Bajamos a la playa, donde mis tíos disponían de la caseta de los señores. Nadamos una y otra vez, zambulléndonos en las limpias aguas de la cala de Binissafúller, las mujeres cogiendo escupiñas y caracoles para dar sabor al arroz, mientras mi primo Juan se dedicaba a la captura de crancs peluts, todo ello contribuiría al arroz que mi tía iba preparando en el fuego de leña. A la sombra de un enorme acebuche, mi padre y mi tío fumaban plácidamente aquel pestilente tabaco de pota, que todos los años sembraba.

Nosotros, los dos peques, nadábamos sumergiéndonos sin cesar, Jaime, mi primo favorito, me hacia reír constantemente.

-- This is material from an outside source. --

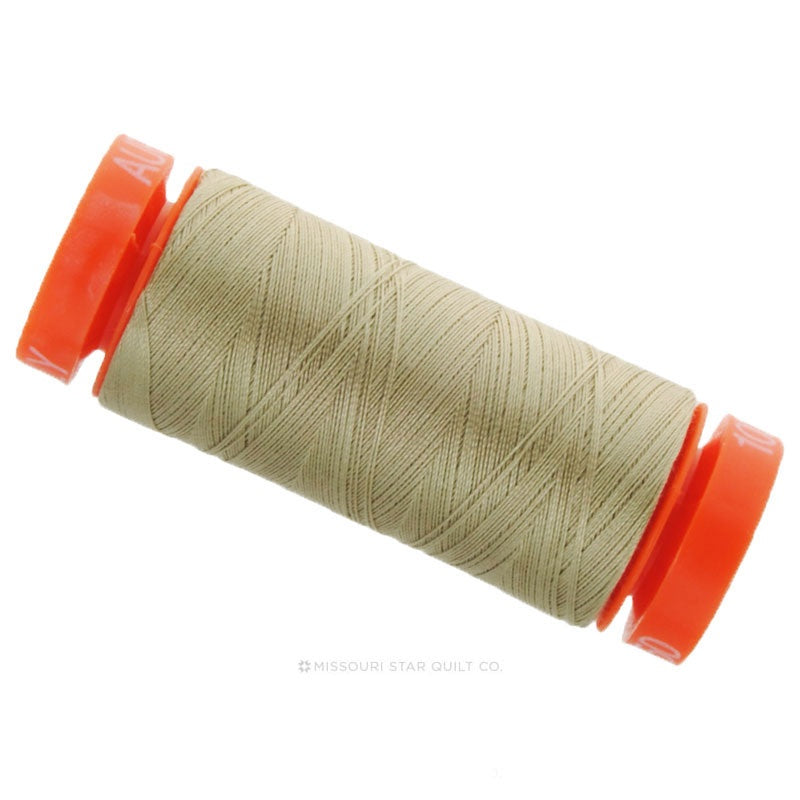 Aurifil 50 WT Cotton Mako Spool Thread Stone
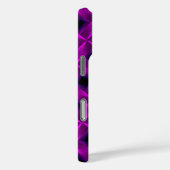 Coques Case-Mate iPhone Treillis Violet (Verso / Droite)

Nos aveníamos tanto… jugando, a la hora de hacer la siesta, contándome aventuras que debí escribir en el momento, hoy serían fantásticas, siempre hablándome de moros que con sus embarcaciones recalaban en la cala y gracias a él huían de la misma. Sobre una de las paredes se encontraba un corn, en casi todas las casas disponían de una de aquellas grandes y blancas caracolas que según las leyendas hacían sonar las payesas indicando "moros en la costa".

Hoy, cuando me entretengo pensando en todo ello, al pensar con aquella mi familia que ya no está, uno tras otro se fueron reuniendo, mi espíritu sale al encuentro de mi tía Juanita que a los cincuenta y poco partió a la Casa del Padre, con los años su esposo hizo lo propio, lo que no es de justicia que aquellos tres hermanos tan jóvenes tampoco se encuentren aquí. Así es la vida, se nace, se muere, sin nada que la entretenga o nos deje gozar de las personas queridas, no hay edad, ni sexo, ni capital que le pueda hacer doblegar la fatídica hoz.

A través de los años he vuelto a bajar a la cala de Binissafúller, pero ya nada es igual, infinidad de barcas y veleros fondeados. Casetas, chalets, paseos que bordean el lugar, coches aparcados. A lo lejos se escucha la música de algún transistor, todo muy bien puesto muy bien colocado y adecentado, pero ha perdido la gracia, ha dejado de ser la cala que de pequeña viví, la que en el invierno mi querido primo Jaime bajaba de buena mañana, tras el ordeño para recoger lo que el mar había entrado. Maderos, troncos, utensilios desprendidos de algún vapor. Él intentaba vender cuanto podía recogiendo unas pesetillas para ir al cine de su pueblo al que tanto quería, el de San Luís, donde tenía amigos y muchos conocidos.

Al nombrar a sus amigos, me ha dado la sensación de oírle como iba describiendo sus cacerías con es filacs y la venta de cucs para enganchar a ses lloses. Y lo que sí quedó en mi mente gravado fueron sus barquitas de corcho que con tanta paciencia realizaba, mientras su madre le cosía blancas velas hechas de un retazo de trapo.